# High lasting too long with weed cookie and melatonin - HELP PLEASE!



## noobfish (May 7, 2013)

I need some help and advice from you guys. I am a noob when it comes to taking weed, so I have no clue if this is a normal high (This is my first time actually getting high). So here it goes:

I just started taking pot cookies about a month ago (maybe a little longer). And only took 1/4 of a cookie each night before I went to bed (I only take it as a sleeping aid) I have also only taken about 4 cookies in total my whole life. Last time I had a cookie I actually took half of it because taking a quarter felt like it wasn't working very well at making me tired. So this Sunday I took a whole cookie then waited about a hour and then took about 10mg of melatonin. I took the melatonin because I thought that the cookie wasn't going to work, and well, I was wrong! 

Within 20 minutes I was laying in bed watching TV and then noticed that it almost felt like I was sleeping with my eyes open. I then moved my tongue and noticed that it was feeling numb, then I touched my face and noticed that it was numb too! This of course REALLY freaked me out, I thought I was going to die. So I jumped out of bed and noticed that my arms were also numb, so I freaked out even more and started to feel like I was going to pass out, but I thought that if I did I would never wake up again. I also thought that I was going to stop breathing because my whole mouth and throat was numb by that time. I eventually freaked out so much that I actually passed out and fell on the floor for a few seconds I was unconscious but soon woke up. For the next hour or two I just laid there feeling sooo out of it, it was very scary for me, I felt as if I was going to pop out of existence. Eventually I was able to calm down by the 2nd hour and finally fell asleep at 7:00am. 

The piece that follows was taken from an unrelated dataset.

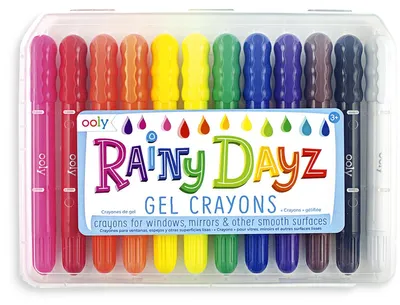 Produktbild von Ooly - Gel-Kreide Rainy Dayz Fensterkreide 12 Farben für Kinder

Later that day when I woke up my body still felt numb. Its a odd feeling, its like I can still feel stuff, but like only half of the sensation of feeling, its the same with taste, I can only taste a half of what I could taste before. And my brain was still feeling high (this is my first high so I don't know if I'm experiencing normal things or not). It feels like I can sit there and stare at the TV for hours on end, And time seems to fly by or slow down sometimes. Anyways, way later that night I finally fell asleep again, and woke up the next day feeling the same thing (By this time 36 hours had gone by). I then spent the rest of Monday high, fell asleep again that night, and woke up today FEELING THE SAME WAY! 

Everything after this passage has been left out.